Posted 28 October 2014 - 06:35 PM
Should be interesting what the RCMP investigation finally turns up when they've had a chance to check everything out.
I mean, the press has gone around and interviewed people at the mosque the shooter went to, the homeless shelter he stayed at, and people who went to school with back in the day. There's evidence that he was accessing the (very limited and inadequate) mental health and addiction services in Vancouver, but of course, those people can't talk much because of confidentially rules. My initial impression is of a guy who started off with a reasonable advantage in life (Canadian-born. We don't appreciate it sometimes, but it's a huge advantage. Parents seem to have had enough money to send him to private school.) who went off the rails somewhere and was looking for someone or something to blame for his crappy life. I work in a nice, clean office with relatively few addiction issues and no homeless people now, but during training and early in my career, I did have to deal with quite a few people very much like that. They need help, but they are hard to help. They can be manipulative. They lie, they steal stuff, they can't keep their appointments or follow instructions, they abuse and threaten you. I've never been assaulted, thank God, but there have been times that I have been either seriously creeped out or I thought they would jump up and hit me. And the worst part is that for all your effort and the risk to your personal safety, you never feel like you are making any sort of difference at all. I don't even think this was about religion. The guy got kicked out of a mosque because he was acting crazy and spewing hate speech. Also stealing the keys and letting himself in at night. Strikes me more as anti-social. Guy like that gets on the internet and finds a forum that confirms what he's always wanted to believe, that everyone else around him is wrong and bad and he is special and right, and instead of conforming to present society's requirements of him, which in this case, were stop stealing, lay off the cocaine, quit acting like a jerk, and get a job, the best thing to do would be to bring down society. Too easy to manipulate. If he were white, it would be neo-Nazis or anti-establishment type of crazies. He's Brown, so he found that other bunch of crazies, and away we go. Good thing he wasn't able to leave the country, get training, get assigned a couple of buddies to help him out, then come back. It could have been worse, so someone did do his job there.

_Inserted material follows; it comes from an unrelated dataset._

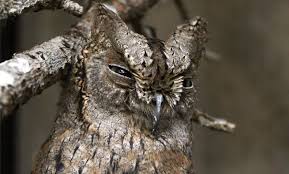 Image result for Otus scops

The problem I see is that there's so many guys like that out there. Some of them will be perfectly content to just complain to anyone who will listen, beat up their girlfriends, rob convenience stores and mug little old ladies, which is bad enough, but nobody cares. Some of them just might get the right help or have an epiphany and turn their lives around. When that happens, it's awesome. But there's always going to be the one that decides he's going to shoot up the company that fired him, the girl who rejected his advances, the doctor who refused to give him any more morphine prescriptions, or the police who keep arresting him. Or yes, even the living representatives of the country that he believes failed him. Your anti-terror bill is going to help that? I have my doubts. But I'm perfectly happy to wait for them to do their investigation and see what else turns up and what sort of recommendations are made. When we have a problem, we study it and make a report. It's the Canadian way. Then again, we've got Stephen Harper. He wants what he wants and he's going to do it, evidence be damned. His response was exactly what I expected.